What is being asked:
In the entries below, find the line with "ide diuretics -tiazidovye." and the line with "SOLFART Brushed Nickel". Reproduce those two lines and every line between them exactly, and nothing more.
BEGIN Available data
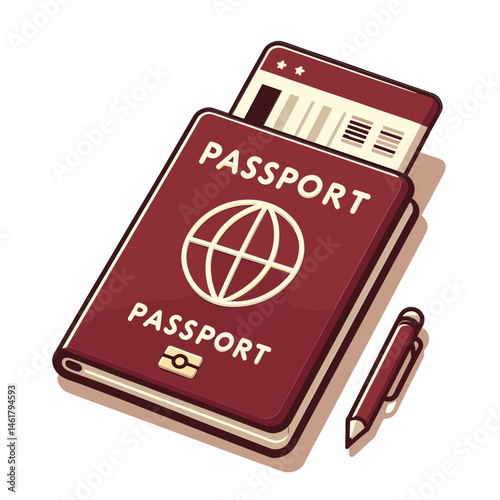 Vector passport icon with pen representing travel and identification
END Available data
BEGIN Available data
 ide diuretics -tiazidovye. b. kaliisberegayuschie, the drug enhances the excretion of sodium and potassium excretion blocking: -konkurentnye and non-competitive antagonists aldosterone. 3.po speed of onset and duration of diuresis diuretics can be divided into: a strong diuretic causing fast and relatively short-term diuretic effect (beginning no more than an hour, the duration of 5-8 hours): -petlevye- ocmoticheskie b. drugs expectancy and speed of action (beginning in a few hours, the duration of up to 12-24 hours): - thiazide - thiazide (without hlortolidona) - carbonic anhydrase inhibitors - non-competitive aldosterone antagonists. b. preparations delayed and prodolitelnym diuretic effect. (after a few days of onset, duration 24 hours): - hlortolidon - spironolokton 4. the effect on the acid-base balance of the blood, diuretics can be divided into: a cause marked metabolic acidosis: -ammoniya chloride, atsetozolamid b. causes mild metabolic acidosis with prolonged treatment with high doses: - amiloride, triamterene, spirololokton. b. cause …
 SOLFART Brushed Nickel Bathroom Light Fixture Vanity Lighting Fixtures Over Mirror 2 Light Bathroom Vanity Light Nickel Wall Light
END Available data
BEGIN Available data
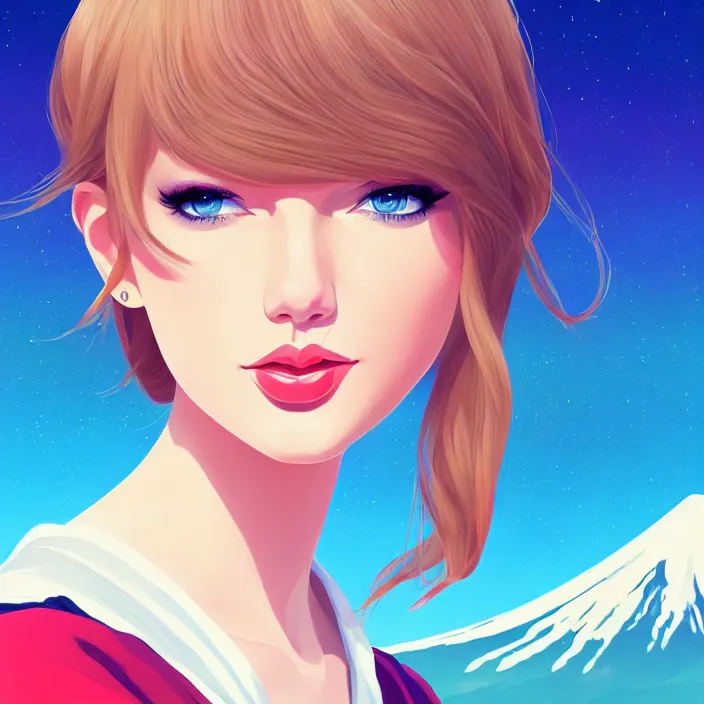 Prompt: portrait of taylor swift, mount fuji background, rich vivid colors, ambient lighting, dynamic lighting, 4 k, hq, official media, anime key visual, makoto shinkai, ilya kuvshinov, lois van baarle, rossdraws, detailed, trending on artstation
END Available data
Answer space:
 ide diuretics -tiazidovye. b. kaliisberegayuschie, the drug enhances the excretion of sodium and potassium excretion blocking: -konkurentnye and non-competitive antagonists aldosterone. 3.po speed of onset and duration of diuresis diuretics can be divided into: a strong diuretic causing fast and relatively short-term diuretic effect (beginning no more than an hour, the duration of 5-8 hours): -petlevye- ocmoticheskie b. drugs expectancy and speed of action (beginning in a few hours, the duration of up to 12-24 hours): - thiazide - thiazide (without hlortolidona) - carbonic anhydrase inhibitors - non-competitive aldosterone antagonists. b. preparations delayed and prodolitelnym diuretic effect. (after a few days of onset, duration 24 hours): - hlortolidon - spironolokton 4. the effect on the acid-base balance of the blood, diuretics can be divided into: a cause marked metabolic acidosis: -ammoniya chloride, atsetozolamid b. causes mild metabolic acidosis with prolonged treatment with high doses: - amiloride, triamterene, spirololokton. b. cause …
 SOLFART Brushed Nickel Bathroom Light Fixture Vanity Lighting Fixtures Over Mirror 2 Light Bathroom Vanity Light Nickel Wall Light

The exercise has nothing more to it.